Идем туда. Заходим со двора в кухню. Рядом в комнате слышится ругань и крики. Один из моих конвоиров пошел туда, и сразу же оттуда вылетел свирепого вида, низкого роста какой-то юнец, на вид лет семнадцати-восемнадцати, с наганом в руке и ко мне:
— Ты пенсне носил? Говори — носил?
Удивленно смотрю на него, а он, не подождав моего ответа, сильно бьет меня в лицо пониже глаза рукояткой нагана, а конвоир добавляет прикладом винтовки прямо в грудь.
Падаю, почти лишаюсь сознания. Очевидно, кто-то бьет меня носком сапога… Слышу глухой голос: «В штаб на допрос!» Поднимают меня, срывают погоны, часы… Как в тумане, двигаюсь… Ведут почему-то через сад. Мелькнула мысль, что сейчас пустят пулю в затылок и… конец! Никакого страха: видимо, он улетучился и пришли апатия, безразличие, а сильная боль под глазом затушевывает остальные чувства.

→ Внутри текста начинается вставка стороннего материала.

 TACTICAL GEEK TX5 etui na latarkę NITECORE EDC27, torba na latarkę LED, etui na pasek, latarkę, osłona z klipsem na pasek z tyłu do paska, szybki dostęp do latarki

Ведут со двора в кухню того дома, где разместился штаб. Один из конвоиров заходит в закрытую комнату, возвращается, зовет меня, а сам выходит во двор. Я в просторной комнате, прекрасно обставленной. За большим столом сидит хорошо одетый военный и что-то пишет. Другой сидит у окна и тоже что-то пишет, разложив бумаги на подоконнике. В соседней комнате слышны оживленные голоса.
Беглый опрос сидящим за столом, — как я потом узнал, это был адъютант штаба бригады, — кто я и как попал в плен. Затем он встает и идет в соседнюю комнату, а оттуда быстрой походкой вылетает довольно стройный военный средних лет, одетый, как говорится, с иголочки: темно-синие френч и галифе, недостает только погон, да и то, как будто бы видны на плечах следы от них. Лицо возбужденное, как видно — «под мухой». Любопытный осмотр:
— Тек-с, кто же это вас так разделал? — кивнул на мое лицо.
— Комиссар, — отвечаю я.
— Ух… — что-то нехорошее цедит по адресу комиссара и вдруг ко мне: — Что ж вы так плохо воюете, загнали половину армии в мешок, сюда за Днепр, а теперь попробуйте-ка вырваться! Мешок-то мы затянем… Мы ведь нарочно вас сюда пустили. — И все это выпаливает быстро, с какой-то злобой.
Удивленно смотрю на него: что можно ответить на эту реплику?
— Ну ладно, отправьте его в штаб армии, — и к сидящему у окна: — Товарищ (называет фамилию), допросите…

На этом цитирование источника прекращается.